A consent directive is an authorization providing for release of information or documents by a third party located anywhere in the world. The form does not abrogate Fifth Amendment rights because it does not acknowledge that an account is in existence or is controlled by the party to sign the authorization.
The U.S. Supreme Court gave its blessing to consent directives in Doe v. United States, 487 U.S. 201 (1988). District courts rely on the All Writs Act, 28 U.S.C. ? 1651, to issue consent directives. In criminal cases, the authority comes from 28 U.S.C. ? 1826, governing grand jury witnesses. Federal agencies obtain consent directives based on their powers to issue subpoenas to compel testimony of witnesses. In civil contexts, consent directives are authorized based on the broad discretion to supervise discovery.
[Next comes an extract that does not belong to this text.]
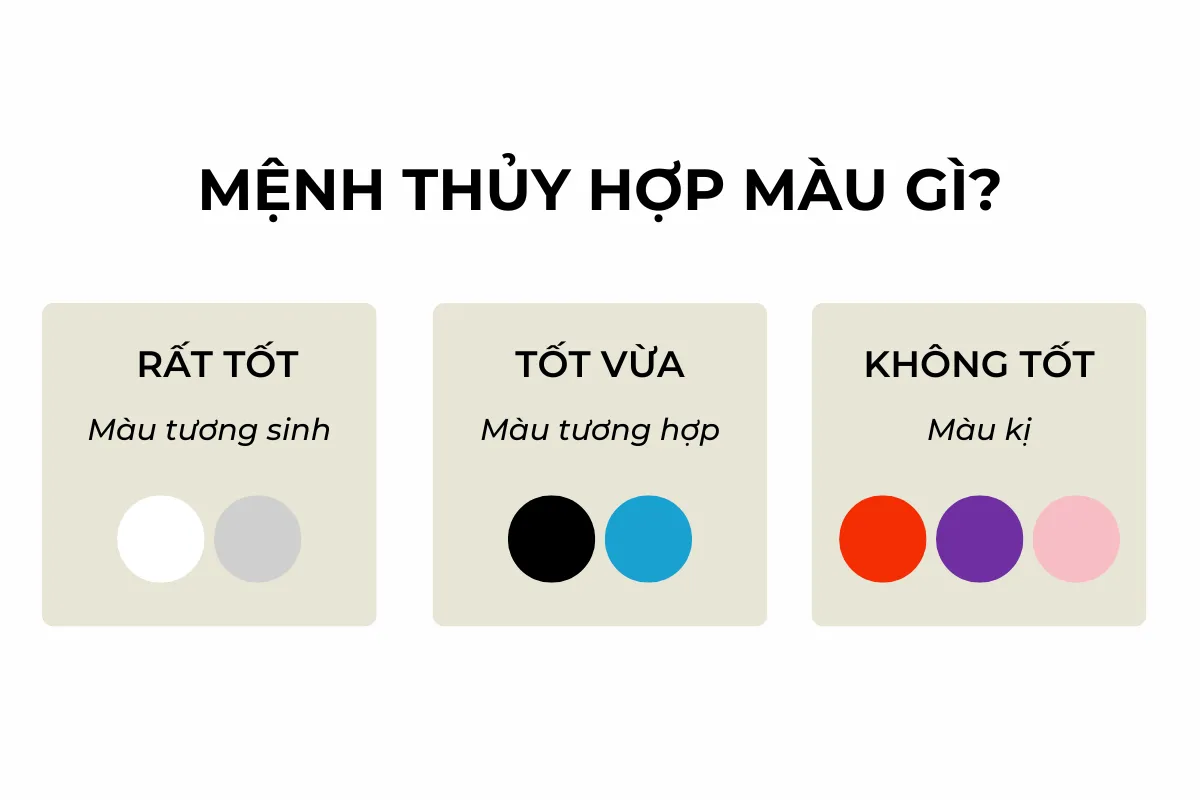 Mệnh Thủy hợp các màu trắng, xám, đen, ánh kim (Nguồn: Internet)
In a case we argued, the Ninth Circuit Bankruptcy Appellate Panel in James F. Rigby, Jr. v. Michael R. Mastro, 2018 Bankr. Lexis 1671, on June 5, 2018, was the first court to address a bankruptcy court’s authority to authorize the issuance of consent directives. The court focused on “the obligations and enforcement mechanism created by the Code and the investigatory tools available to the trustee.” Specifically, authority was founded in Section 704 (giving a trustee the statutory duty to collect estate property), Section 105 (vesting bankruptcy courts with broad residual power) and Bankruptcy Rule 2004 (proving broad discovery powers).
Thus, a bankruptcy court has the power to compel the debtor to sign directives at the request of the trustee to investigate a debtor’s affairs throughout the world.